Exercise: Below are records with pictures in them. Transcribe everything from the line containing "Obez ikizlere ikiz ameliyat" down to the line containing "Atypical Presentation of", exactly, and leave the pictures behind.

Stored data:

+ + +

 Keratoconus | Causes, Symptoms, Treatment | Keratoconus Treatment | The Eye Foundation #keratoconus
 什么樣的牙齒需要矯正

+ + +

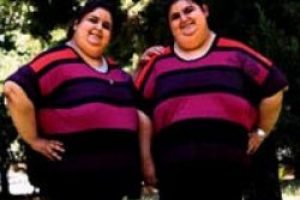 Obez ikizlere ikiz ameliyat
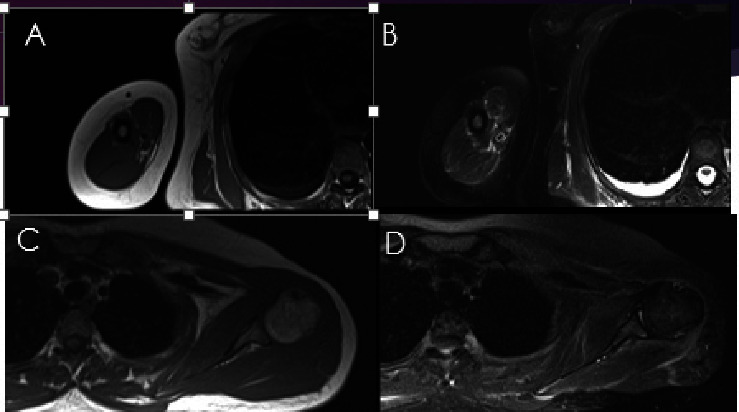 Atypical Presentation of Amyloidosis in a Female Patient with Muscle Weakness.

+ + +

Answer:
 Obez ikizlere ikiz ameliyat
 Atypical Presentation of Amyloidosis in a Female Patient with Muscle Weakness.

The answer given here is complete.